Test 2: Scalability for smaller data
This test was done on the smaller data. We want to measure how many queries we can have running simultaneously on Bullet Spark. We ran 400, 800, 1500 and 1100 queries each for 10 minutes.
Result
Figure 1. Spark Streaming UI
Figure 2. Queries running
Figure 3. CPU time
Figure 4. Heap usage
Figure 5. Garbage collection time
Figure 6. Garbage collection count
Figure 1 shows the Spark Streaming UI when running the test.
Figure 2 shows the simultaneous queries we ran.
Figure 3 shows the milliseconds of CPU time used per minute.
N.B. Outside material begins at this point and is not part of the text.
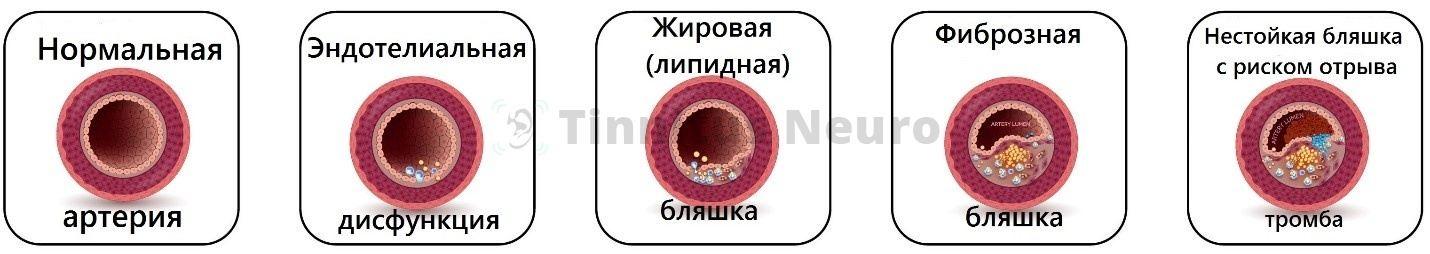 Стадии атеросклероза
For example, a value of 300K ms
ms for a line (worker) means that the worker used 300K ms/min
or 300s/60s
or 5
CPU cores (virtual) in that minute.
Figure 4 shows raw numbers for Heap utilizations in bytes.
Figure 5 shows the time in milliseconds spent for garbage collection per minute.
Figure 6 shows the count of garbage collection events per minute.
Conclusion
The average processing time for each batch was 1 second 143 ms which was below the batch duration 2 seconds. On average, 1 CPU core and 3GB memory were used in this experiment. CPU and memory usages go slowly up while queries number goes up but they are still within resource limits. We can easily run up to 1500 RAW queries simultaneously in this test.
Test 3: Scalability for larger data
This test was done on the larger data. We ran 100, 400, 800 and 600 queries each for 10 minutes.
Result
Figure 7. Spark stream UI
Figure 8. Queries running
Figure 9. CPU time
Figure 10. Heap usage
Figure 11. Garbage collection time
Figure 12. Garbage collection count
Conclusion
The average processing time for each batch was 3 seconds 97 ms which was below the batch duration 5 seconds. On average, 1.2 CPU core and average 5GB memory were used in this experiment. But with queries number goes up, some of the executors memory usage were up to 8-10GB which is close to our resource limits. With more queries running, OOM may happen. So in this experiment, we can only afford up to 800 queries simultaneously.